Джей обхватила руками колени, шепча молитвы себе под нос. «Мы – дети земли, выросшие из неё и призванные её оберегать, пока наше имя и память о нашем имени не погаснут безвозвратно».
Гул шагов и бормотаний, скрип двери, и в комнату зашёл отец. Он тяжело дышал и поглаживал короткую бороду, цепляясь пальцами за тёмные волоски. На бороде застыли капельки воды – может, из какой-то настойки, – и Джей сразу представила, как липнут настоечные капли на волосах, заставляя их блестеть и склеиваться на солнце.

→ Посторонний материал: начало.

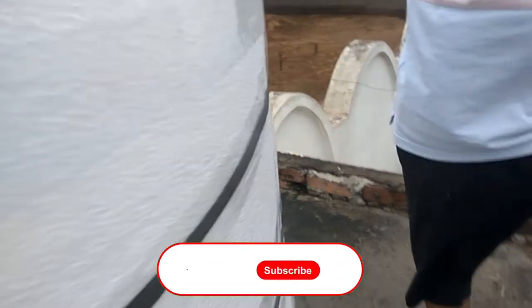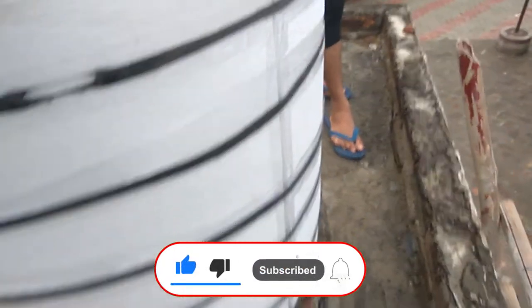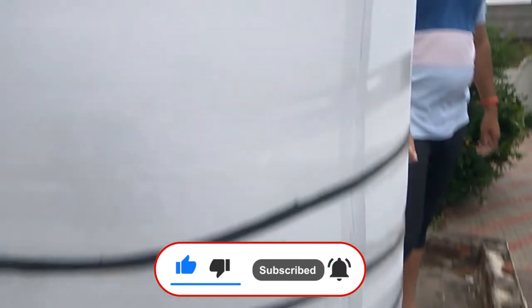After that you will feel that your roof tank water has stopped getting hot. If you like this video, don't forget to like and share with your family and friends, subscribe, and hit the bell icon for more videos like this.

– Ну что ты скажешь? – Он встал у дверного проёма, и Джей приоткрылась коридорная тьма, тихая и чужая.
Отец не накажет её сильнее, чем лес. И поэтому Джей молчала.
– Я присяду к тебе?
Кивок.
Отец, грустно вздохнув, подошёл и со скрипом уселся на кровать, заняв сразу половину места. Джей отодвинулась поближе к стене, продолжая держаться за колени. Обороняясь от него ногами.
В комнате стояла тяжёлая вязкая тишина.
– Что ты увидела в лесу?
– Я не была в лесу.
– Ты понимаешь, о чём я.
– Нет.
Джей уронила голову в колени, погрузившись во тьму, где не было отца и его грустного разочарованного взгляда.
А было ли там разочарование? Может, она всё надумала… В конце концов, он должен был за неё перепугаться.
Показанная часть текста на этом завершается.